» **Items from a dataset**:
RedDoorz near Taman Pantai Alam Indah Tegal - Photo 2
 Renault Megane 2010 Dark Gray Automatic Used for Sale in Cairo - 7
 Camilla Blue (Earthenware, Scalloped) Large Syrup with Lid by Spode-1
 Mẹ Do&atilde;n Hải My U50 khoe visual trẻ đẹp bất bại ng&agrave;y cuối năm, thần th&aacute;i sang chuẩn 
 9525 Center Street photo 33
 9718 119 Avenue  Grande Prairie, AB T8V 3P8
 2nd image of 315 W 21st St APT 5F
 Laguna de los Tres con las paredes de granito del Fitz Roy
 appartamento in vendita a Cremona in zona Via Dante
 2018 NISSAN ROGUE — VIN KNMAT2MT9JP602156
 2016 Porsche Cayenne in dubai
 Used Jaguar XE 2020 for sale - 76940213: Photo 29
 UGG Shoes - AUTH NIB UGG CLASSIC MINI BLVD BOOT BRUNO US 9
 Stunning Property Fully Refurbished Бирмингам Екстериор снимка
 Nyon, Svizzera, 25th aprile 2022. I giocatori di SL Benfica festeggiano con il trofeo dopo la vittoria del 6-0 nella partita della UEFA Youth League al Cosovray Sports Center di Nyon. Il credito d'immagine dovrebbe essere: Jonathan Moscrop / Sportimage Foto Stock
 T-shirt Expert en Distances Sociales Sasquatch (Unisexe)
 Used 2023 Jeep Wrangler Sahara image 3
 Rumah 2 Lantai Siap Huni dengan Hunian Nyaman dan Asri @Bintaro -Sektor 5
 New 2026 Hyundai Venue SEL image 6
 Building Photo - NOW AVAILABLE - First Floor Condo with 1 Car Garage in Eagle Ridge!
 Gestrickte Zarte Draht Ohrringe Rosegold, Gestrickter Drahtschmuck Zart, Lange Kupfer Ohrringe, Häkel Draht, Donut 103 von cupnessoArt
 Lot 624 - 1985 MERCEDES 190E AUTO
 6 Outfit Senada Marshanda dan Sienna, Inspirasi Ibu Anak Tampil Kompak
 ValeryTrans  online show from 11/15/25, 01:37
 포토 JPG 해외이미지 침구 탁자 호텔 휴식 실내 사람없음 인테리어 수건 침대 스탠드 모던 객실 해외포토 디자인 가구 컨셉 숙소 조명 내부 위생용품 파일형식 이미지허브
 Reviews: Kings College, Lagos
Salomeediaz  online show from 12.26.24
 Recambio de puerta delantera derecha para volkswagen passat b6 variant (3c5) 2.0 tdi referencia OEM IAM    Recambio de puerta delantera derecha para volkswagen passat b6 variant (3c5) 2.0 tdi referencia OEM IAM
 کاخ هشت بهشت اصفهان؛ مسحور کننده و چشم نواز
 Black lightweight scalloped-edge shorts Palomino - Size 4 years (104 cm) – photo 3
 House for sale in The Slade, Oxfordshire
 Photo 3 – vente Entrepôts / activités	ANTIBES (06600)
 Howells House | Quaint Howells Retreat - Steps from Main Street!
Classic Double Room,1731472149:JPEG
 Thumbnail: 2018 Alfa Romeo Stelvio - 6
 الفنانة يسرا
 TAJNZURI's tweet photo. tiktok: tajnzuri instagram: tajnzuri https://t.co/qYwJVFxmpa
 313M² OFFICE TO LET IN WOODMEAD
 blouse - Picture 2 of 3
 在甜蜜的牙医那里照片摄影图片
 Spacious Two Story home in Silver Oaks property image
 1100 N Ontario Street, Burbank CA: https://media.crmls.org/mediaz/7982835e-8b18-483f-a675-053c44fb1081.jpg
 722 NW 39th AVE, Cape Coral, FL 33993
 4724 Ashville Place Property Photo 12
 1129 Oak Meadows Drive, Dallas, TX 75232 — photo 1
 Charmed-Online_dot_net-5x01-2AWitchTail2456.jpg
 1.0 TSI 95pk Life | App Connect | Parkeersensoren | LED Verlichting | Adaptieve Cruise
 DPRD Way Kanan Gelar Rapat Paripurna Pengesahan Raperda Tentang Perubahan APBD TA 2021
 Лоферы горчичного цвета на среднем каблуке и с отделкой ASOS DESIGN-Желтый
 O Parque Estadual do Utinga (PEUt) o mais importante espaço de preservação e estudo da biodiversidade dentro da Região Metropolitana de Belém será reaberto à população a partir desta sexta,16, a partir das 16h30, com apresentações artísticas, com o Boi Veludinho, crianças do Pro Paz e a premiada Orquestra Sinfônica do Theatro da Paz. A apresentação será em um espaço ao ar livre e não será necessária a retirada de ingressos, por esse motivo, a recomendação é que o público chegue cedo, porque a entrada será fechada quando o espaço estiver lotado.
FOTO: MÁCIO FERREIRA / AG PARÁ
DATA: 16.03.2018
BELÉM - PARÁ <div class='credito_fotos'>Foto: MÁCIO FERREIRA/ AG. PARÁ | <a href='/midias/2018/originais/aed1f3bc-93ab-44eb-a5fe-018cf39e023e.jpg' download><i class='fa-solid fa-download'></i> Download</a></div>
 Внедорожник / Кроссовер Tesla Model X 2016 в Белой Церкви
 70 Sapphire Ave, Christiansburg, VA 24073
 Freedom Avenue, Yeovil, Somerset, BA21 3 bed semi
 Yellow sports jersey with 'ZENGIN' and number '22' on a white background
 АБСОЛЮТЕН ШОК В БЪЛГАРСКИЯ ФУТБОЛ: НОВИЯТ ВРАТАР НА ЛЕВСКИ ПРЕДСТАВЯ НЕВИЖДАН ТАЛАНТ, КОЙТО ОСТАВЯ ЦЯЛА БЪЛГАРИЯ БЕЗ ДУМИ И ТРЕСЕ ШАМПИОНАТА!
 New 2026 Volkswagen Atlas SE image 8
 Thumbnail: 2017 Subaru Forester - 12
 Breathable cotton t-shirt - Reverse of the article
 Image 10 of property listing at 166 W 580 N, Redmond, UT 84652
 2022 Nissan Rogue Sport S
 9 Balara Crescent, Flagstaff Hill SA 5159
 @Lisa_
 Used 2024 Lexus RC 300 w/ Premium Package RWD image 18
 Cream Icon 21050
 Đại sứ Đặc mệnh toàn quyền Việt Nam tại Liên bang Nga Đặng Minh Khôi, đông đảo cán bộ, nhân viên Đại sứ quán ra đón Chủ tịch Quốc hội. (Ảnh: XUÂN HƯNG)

» **PROBLEM TO WORK ON**:
Please return every line from the first one in the records above down to the line containing "Stunning Property Fully", including both, exactly as written and nothing more.

» **RESPONSE BOX**:
RedDoorz near Taman Pantai Alam Indah Tegal - Photo 2
 Renault Megane 2010 Dark Gray Automatic Used for Sale in Cairo - 7
 Camilla Blue (Earthenware, Scalloped) Large Syrup with Lid by Spode-1
 Mẹ Do&atilde;n Hải My U50 khoe visual trẻ đẹp bất bại ng&agrave;y cuối năm, thần th&aacute;i sang chuẩn 
 9525 Center Street photo 33
 9718 119 Avenue  Grande Prairie, AB T8V 3P8
 2nd image of 315 W 21st St APT 5F
 Laguna de los Tres con las paredes de granito del Fitz Roy
 appartamento in vendita a Cremona in zona Via Dante
 2018 NISSAN ROGUE — VIN KNMAT2MT9JP602156
 2016 Porsche Cayenne in dubai
 Used Jaguar XE 2020 for sale - 76940213: Photo 29
 UGG Shoes - AUTH NIB UGG CLASSIC MINI BLVD BOOT BRUNO US 9
 Stunning Property Fully Refurbished Бирмингам Екстериор снимка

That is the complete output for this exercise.